Robert Malley, a 'diplomat' who was fired from President Hussein Obama's 2008 Presidential campaign for maintaining contacts with Hamas, has now been
put in charge of the Obama administration's 'efforts' to confront ISIS.
The POTUS-in-Chief is taking it to the “Islamic State” in Paris this week, delivering blow after blow with his climate-summit rhetoric
like George Foreman KO-ing Ron Lyle at Caesar’s Palace. Has a
bloodthirsty, Islamofascist guerrilla-terrorist movement ever been
driven so thoroughly onto the ropes? You decide.
But Obama’s not stopping there. His administration announced today
that it’s appointing a new senior advisor to the president on ISIS.
The mainstream media picked it up a few hours ago.

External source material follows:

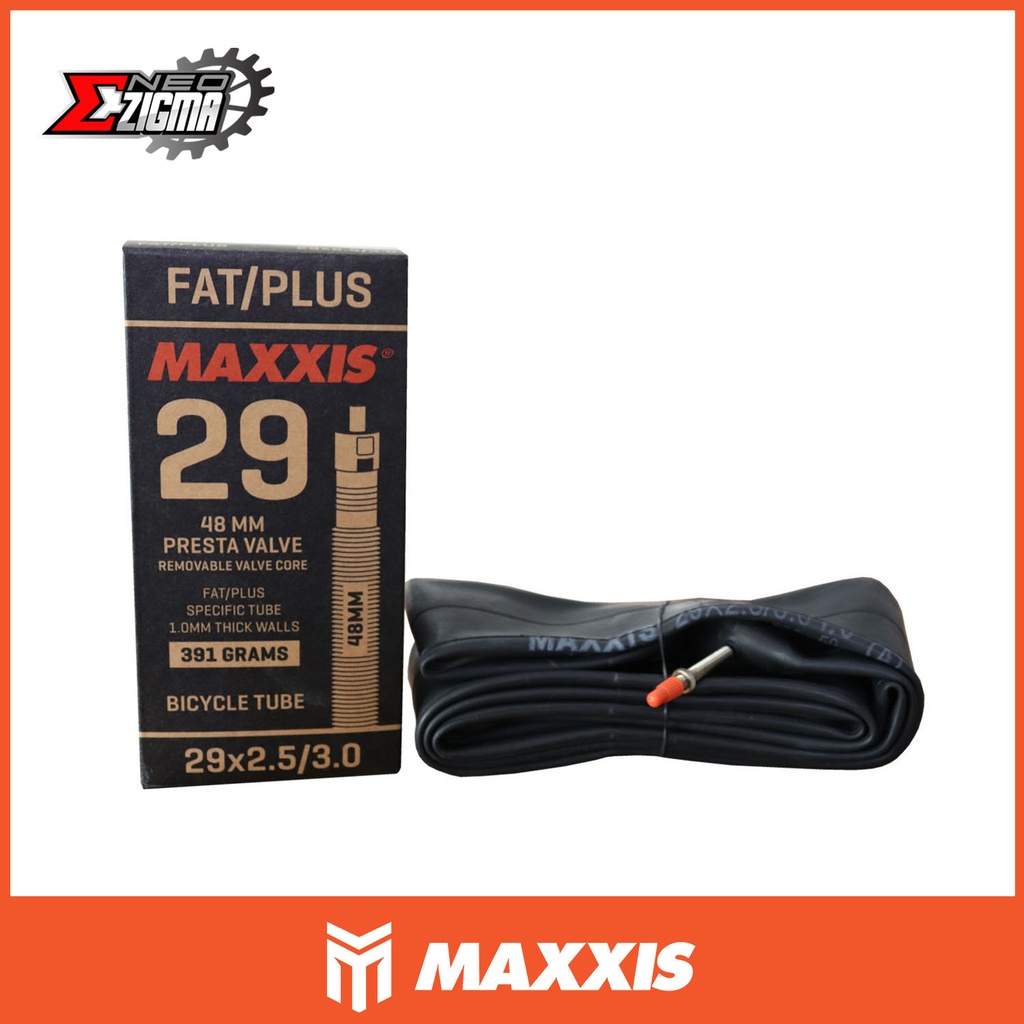 Tube 29x2.5/3.0 MAXXIS 48mm F/V 391g 1.0mm EIB97200400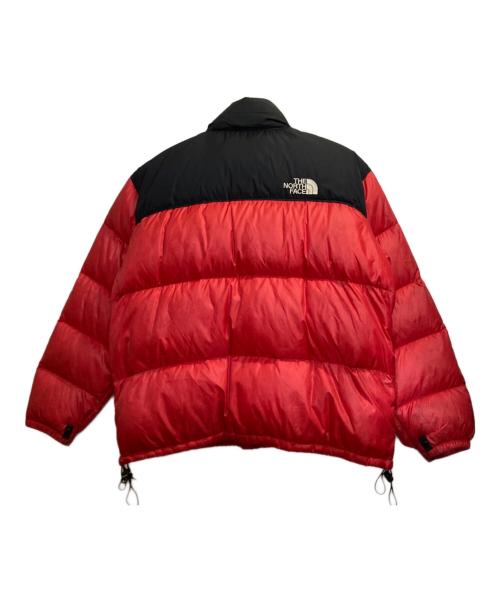 THE NORTH FACE（ザ ノース フェイス）THE NORTH FACE (ザ ノース フェイス) ヌプシダウンジャケット ブラック×レッド サイズ:ＸＸＬの古着・服飾アイテム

For those who have forgotten....
Among other things, Malley has a long family history of anti-Semitism.
Then there's Malley who advocates US engagement with Hamas and Israel's national suicide:
In today's WaPo, Malley and Miller have co-authored an op-ed,
in which they claim that it is in both Hamas' and Israel's interests to
work together to calm the environment so that Hamas can 'govern' and
Israel can carry out its convergence surrender plan.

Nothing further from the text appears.